Height/Weight: 6-4/210

Position: SG

Experience: 5 years (Cleveland, Chicago, Charlotte and LA Lakers)

College: Michigan State

2010-11 Stats: 8.7 PPG, 1.2 APG, 1.9 RPG, 42.5 FG%, 34.9 3P%, 82 games, 19.1 minutes.


Transition Play

Although the Suns don’t play at the same frenetic pace they did during the Mike D’Antoni era, they’re still one of the most uptempo teams in the league. With that said, Brown will fit right in.

His speed, hops and ability to finish make Brown one of the most lethal transition players in the NBA. Last season 19.7 percent of his plays came in transition, proving how often he was out on the break. Brown scored 1.25 points per possession in transition and should become one of Steve Nash’s favorite targets in the open court.

Moving Without the Ball

Aside from transition and three-pointers, most of Brown’s buckets come as a result of moving without the ball. His lateral quickness allows him to shift gears and cut to the hoop for easy buckets.

Brown scored 1.27 points per possession last season off of cuts and shot a solid 65.8 percent at the rim. With Nash dominating the ball in the Suns’ system, Phoenix needs a guy who can score without the ball in his hands and Brown fits the bill.


Brown is undoubtedly inconsistent with his jump shot (more on that later), but he can fill it up from beyond the arc. He drilled three or more triples in 10 games last season and proved he can heat up almost instantly. With that said, Brown will be able to space the floor and maintain the driving lanes necessary for Nash to operate.


His defense hasn’t come full circle yet, but Brown’s on his way to becoming an elite NBA defender. At 6-foot-4, 210 pounds he can lock down both point guards and shooting guards, which the Suns have struggled with for what seems like decades.

Brown allowed only 0.65 points per possession against isolations last season, a clip that ranked 37th in the NBA. He limited opponents to a 34.8 percentage overall and yielded less than 37.5 percent shooting in every Synergy category but one. While providing energy and athleticism, Brown will give the Suns a much-needed perimeter defender to pair with Grant Hill.



Brown took heat in Los Angeles for his lack of consistency. Part of that came as a result of his limited playing time, but Brown would average double figures some months, and just over five points per game in others.

He’s also inconsistent from three-point land. He’s not a set shooter, which usually breeds inconsistency from deep as repetition is sometimes lacking. If Brown wants to build off of his LA stint and truly arrive as an NBA mainstay, he’ll need to find some semblance of consistency in his game.

Point guard skills

The Lakers played Brown at point guard at times, but he’s not a floor general by any stretch of the imagination. Brown registered five or more assists only twice in 82 games last season. His vision is sub-par and he shouldn’t be counted on to make plays in the pick and roll game.
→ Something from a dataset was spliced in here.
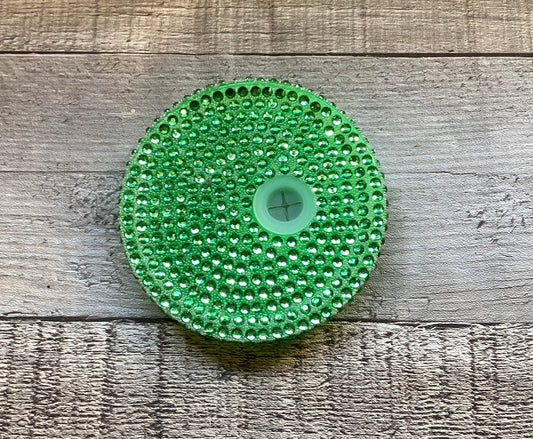 Dark Green Bling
More often than not, Brown won’t be seen isolating from the top of the key and taking his man off of the dribble. He’s an average ball-handler with limited ways to blow by a defender or create space. His lack of a mid-range game makes him predictable at times, leading to ineffective isolation play.

Brown shot only 30.8 percent from 10-15 feet and 33.0 percent from 16-23 feet last season, proving his isolation deficiencies. He scored only 0.74 points per isolation possession as well. But with that said, Brown should have no problem finding shots in the Suns’ offense.
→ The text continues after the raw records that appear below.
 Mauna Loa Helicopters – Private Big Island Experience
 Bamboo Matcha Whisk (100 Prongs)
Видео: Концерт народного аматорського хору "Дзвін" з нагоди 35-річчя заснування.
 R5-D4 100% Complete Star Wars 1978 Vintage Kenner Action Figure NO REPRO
As is the case for most NBA players that come to Phoenix’s player-friendly style, Brown couldn’t have landed in a more perfect spot than with the Suns. His athleticism and energy should mesh well what Alvin Gentry wants to accomplish. Then add in that Brown does most of his damage without the ball and it’s clear that he’ll thrive next to Nash.

The 26-year-old gives the Suns that athleticism and big play ability that they’ve been missing. While he’s not an All-Star or the answer to all of Phoenix’s many problems, Brown is a great addition for $3.5 million.

Tags: Shannon Brown

  • Kevin

    Both Brown and Dudley would be solid back ups in any NBA team. However, will either of them be able to step up into a starter role will remain to be seen. If either one can, there is a solid roster up ahead that depending on chemistry, can make a legitimate playoff run.

  • shazam

    thanks mike…nice break down..hope he works out..if not then we get a higher draft pick

  • Jt’s hoops Blog

    I will also add that both Brown and Dudley are stikinglysimilar in every respect. Brown will be another mediocre player that Steve Nash will make better, but won’t bring any comfort for Suns fans. The Sun have finally set on Phoenix.

  • Tony

    Jt, how can say Dudley and Brown are similar players? Brown is a heck of a lot more athletic than Dudley, his tremendous jumping ability coupled with his speed make him potentially a highly effective player in the Suns system.
    Dudley is a much better shooter than Shannon Brown and is more of a leader than Brown has shown so far.
    WIth that being said, neither are really starter material, but would be very helpful in a second unit.

  • Mel.

    I don’t think JT really cares about rationally discussing anything, Tony; he was just looking for an excuse to post that “The Sun have finally set on Phoenix” line, which he probably came up with while brushing his teeth.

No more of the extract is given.